TO DO:
Retyping the data exactly is the task. Include every line.

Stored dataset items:
----
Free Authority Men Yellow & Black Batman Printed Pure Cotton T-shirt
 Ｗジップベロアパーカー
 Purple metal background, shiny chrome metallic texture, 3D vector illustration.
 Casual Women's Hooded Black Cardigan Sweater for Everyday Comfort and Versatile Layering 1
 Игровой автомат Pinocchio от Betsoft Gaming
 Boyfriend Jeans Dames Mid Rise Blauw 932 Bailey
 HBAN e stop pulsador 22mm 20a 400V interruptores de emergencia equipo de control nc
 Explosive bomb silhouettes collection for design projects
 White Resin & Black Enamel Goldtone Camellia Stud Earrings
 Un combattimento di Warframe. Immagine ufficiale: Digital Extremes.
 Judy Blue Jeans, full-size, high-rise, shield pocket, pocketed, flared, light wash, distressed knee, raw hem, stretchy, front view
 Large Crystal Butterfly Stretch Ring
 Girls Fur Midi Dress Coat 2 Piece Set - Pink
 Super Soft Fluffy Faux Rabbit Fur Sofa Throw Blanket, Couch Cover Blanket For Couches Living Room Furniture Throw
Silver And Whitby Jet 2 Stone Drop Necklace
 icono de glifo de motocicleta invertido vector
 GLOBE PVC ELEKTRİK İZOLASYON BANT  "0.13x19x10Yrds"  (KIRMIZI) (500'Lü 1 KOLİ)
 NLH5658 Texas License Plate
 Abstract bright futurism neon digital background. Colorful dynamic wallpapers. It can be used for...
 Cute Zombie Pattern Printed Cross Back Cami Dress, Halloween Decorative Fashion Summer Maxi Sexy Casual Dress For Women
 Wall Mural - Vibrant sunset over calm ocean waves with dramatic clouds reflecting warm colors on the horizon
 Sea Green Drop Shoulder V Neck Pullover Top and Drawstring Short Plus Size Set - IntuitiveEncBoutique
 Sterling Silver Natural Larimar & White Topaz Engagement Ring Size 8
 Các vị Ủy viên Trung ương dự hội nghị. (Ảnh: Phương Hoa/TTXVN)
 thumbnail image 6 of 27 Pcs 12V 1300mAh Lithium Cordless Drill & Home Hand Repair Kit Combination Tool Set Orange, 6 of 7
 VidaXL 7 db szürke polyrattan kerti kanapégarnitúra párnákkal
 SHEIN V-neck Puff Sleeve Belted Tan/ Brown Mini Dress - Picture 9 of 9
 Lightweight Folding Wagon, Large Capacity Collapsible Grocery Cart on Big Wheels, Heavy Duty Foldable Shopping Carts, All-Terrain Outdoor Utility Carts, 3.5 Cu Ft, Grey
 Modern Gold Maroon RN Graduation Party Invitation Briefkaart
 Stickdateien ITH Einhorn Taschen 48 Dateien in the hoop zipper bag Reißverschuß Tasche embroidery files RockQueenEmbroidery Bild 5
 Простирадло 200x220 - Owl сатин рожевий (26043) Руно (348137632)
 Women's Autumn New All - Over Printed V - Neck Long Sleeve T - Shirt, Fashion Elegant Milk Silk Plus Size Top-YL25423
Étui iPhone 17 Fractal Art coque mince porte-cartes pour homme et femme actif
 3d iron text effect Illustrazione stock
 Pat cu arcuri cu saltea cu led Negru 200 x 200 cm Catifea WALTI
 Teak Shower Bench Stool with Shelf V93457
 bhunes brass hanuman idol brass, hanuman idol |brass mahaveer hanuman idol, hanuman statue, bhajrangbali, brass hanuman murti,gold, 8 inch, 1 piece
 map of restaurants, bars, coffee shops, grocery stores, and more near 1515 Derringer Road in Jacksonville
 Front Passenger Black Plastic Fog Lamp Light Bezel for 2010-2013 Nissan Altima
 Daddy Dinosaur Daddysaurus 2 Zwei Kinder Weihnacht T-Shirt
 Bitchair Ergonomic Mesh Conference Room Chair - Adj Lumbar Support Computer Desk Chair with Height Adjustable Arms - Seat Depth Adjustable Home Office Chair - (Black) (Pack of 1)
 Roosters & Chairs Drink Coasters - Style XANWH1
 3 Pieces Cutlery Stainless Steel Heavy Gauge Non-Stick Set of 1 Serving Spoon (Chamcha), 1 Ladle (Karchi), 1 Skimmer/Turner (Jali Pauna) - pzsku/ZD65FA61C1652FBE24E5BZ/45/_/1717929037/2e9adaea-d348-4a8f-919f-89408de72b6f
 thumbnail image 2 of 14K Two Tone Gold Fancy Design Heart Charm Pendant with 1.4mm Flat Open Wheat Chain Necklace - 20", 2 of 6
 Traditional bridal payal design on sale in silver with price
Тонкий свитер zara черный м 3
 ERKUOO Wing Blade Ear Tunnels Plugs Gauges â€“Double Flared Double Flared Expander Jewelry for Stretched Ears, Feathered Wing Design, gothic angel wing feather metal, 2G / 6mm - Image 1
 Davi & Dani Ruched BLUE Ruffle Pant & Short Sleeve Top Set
----
PROBLEM SOLUTION:
Free Authority Men Yellow & Black Batman Printed Pure Cotton T-shirt
 Ｗジップベロアパーカー
 Purple metal background, shiny chrome metallic texture, 3D vector illustration.
 Casual Women's Hooded Black Cardigan Sweater for Everyday Comfort and Versatile Layering 1
 Игровой автомат Pinocchio от Betsoft Gaming
 Boyfriend Jeans Dames Mid Rise Blauw 932 Bailey
 HBAN e stop pulsador 22mm 20a 400V interruptores de emergencia equipo de control nc
 Explosive bomb silhouettes collection for design projects
 White Resin & Black Enamel Goldtone Camellia Stud Earrings
 Un combattimento di Warframe. Immagine ufficiale: Digital Extremes.
 Judy Blue Jeans, full-size, high-rise, shield pocket, pocketed, flared, light wash, distressed knee, raw hem, stretchy, front view
 Large Crystal Butterfly Stretch Ring
 Girls Fur Midi Dress Coat 2 Piece Set - Pink
 Super Soft Fluffy Faux Rabbit Fur Sofa Throw Blanket, Couch Cover Blanket For Couches Living Room Furniture Throw
Silver And Whitby Jet 2 Stone Drop Necklace
 icono de glifo de motocicleta invertido vector
 GLOBE PVC ELEKTRİK İZOLASYON BANT  "0.13x19x10Yrds"  (KIRMIZI) (500'Lü 1 KOLİ)
 NLH5658 Texas License Plate
 Abstract bright futurism neon digital background. Colorful dynamic wallpapers. It can be used for...
 Cute Zombie Pattern Printed Cross Back Cami Dress, Halloween Decorative Fashion Summer Maxi Sexy Casual Dress For Women
 Wall Mural - Vibrant sunset over calm ocean waves with dramatic clouds reflecting warm colors on the horizon
 Sea Green Drop Shoulder V Neck Pullover Top and Drawstring Short Plus Size Set - IntuitiveEncBoutique
 Sterling Silver Natural Larimar & White Topaz Engagement Ring Size 8
 Các vị Ủy viên Trung ương dự hội nghị. (Ảnh: Phương Hoa/TTXVN)
 thumbnail image 6 of 27 Pcs 12V 1300mAh Lithium Cordless Drill & Home Hand Repair Kit Combination Tool Set Orange, 6 of 7
 VidaXL 7 db szürke polyrattan kerti kanapégarnitúra párnákkal
 SHEIN V-neck Puff Sleeve Belted Tan/ Brown Mini Dress - Picture 9 of 9
 Lightweight Folding Wagon, Large Capacity Collapsible Grocery Cart on Big Wheels, Heavy Duty Foldable Shopping Carts, All-Terrain Outdoor Utility Carts, 3.5 Cu Ft, Grey
 Modern Gold Maroon RN Graduation Party Invitation Briefkaart
 Stickdateien ITH Einhorn Taschen 48 Dateien in the hoop zipper bag Reißverschuß Tasche embroidery files RockQueenEmbroidery Bild 5
 Простирадло 200x220 - Owl сатин рожевий (26043) Руно (348137632)
 Women's Autumn New All - Over Printed V - Neck Long Sleeve T - Shirt, Fashion Elegant Milk Silk Plus Size Top-YL25423
Étui iPhone 17 Fractal Art coque mince porte-cartes pour homme et femme actif
 3d iron text effect Illustrazione stock
 Pat cu arcuri cu saltea cu led Negru 200 x 200 cm Catifea WALTI
 Teak Shower Bench Stool with Shelf V93457
 bhunes brass hanuman idol brass, hanuman idol |brass mahaveer hanuman idol, hanuman statue, bhajrangbali, brass hanuman murti,gold, 8 inch, 1 piece
 map of restaurants, bars, coffee shops, grocery stores, and more near 1515 Derringer Road in Jacksonville
 Front Passenger Black Plastic Fog Lamp Light Bezel for 2010-2013 Nissan Altima
 Daddy Dinosaur Daddysaurus 2 Zwei Kinder Weihnacht T-Shirt
 Bitchair Ergonomic Mesh Conference Room Chair - Adj Lumbar Support Computer Desk Chair with Height Adjustable Arms - Seat Depth Adjustable Home Office Chair - (Black) (Pack of 1)
 Roosters & Chairs Drink Coasters - Style XANWH1
 3 Pieces Cutlery Stainless Steel Heavy Gauge Non-Stick Set of 1 Serving Spoon (Chamcha), 1 Ladle (Karchi), 1 Skimmer/Turner (Jali Pauna) - pzsku/ZD65FA61C1652FBE24E5BZ/45/_/1717929037/2e9adaea-d348-4a8f-919f-89408de72b6f
 thumbnail image 2 of 14K Two Tone Gold Fancy Design Heart Charm Pendant with 1.4mm Flat Open Wheat Chain Necklace - 20", 2 of 6
 Traditional bridal payal design on sale in silver with price
Тонкий свитер zara черный м 3
 ERKUOO Wing Blade Ear Tunnels Plugs Gauges â€“Double Flared Double Flared Expander Jewelry for Stretched Ears, Feathered Wing Design, gothic angel wing feather metal, 2G / 6mm - Image 1
 Davi & Dani Ruched BLUE Ruffle Pant & Short Sleeve Top Set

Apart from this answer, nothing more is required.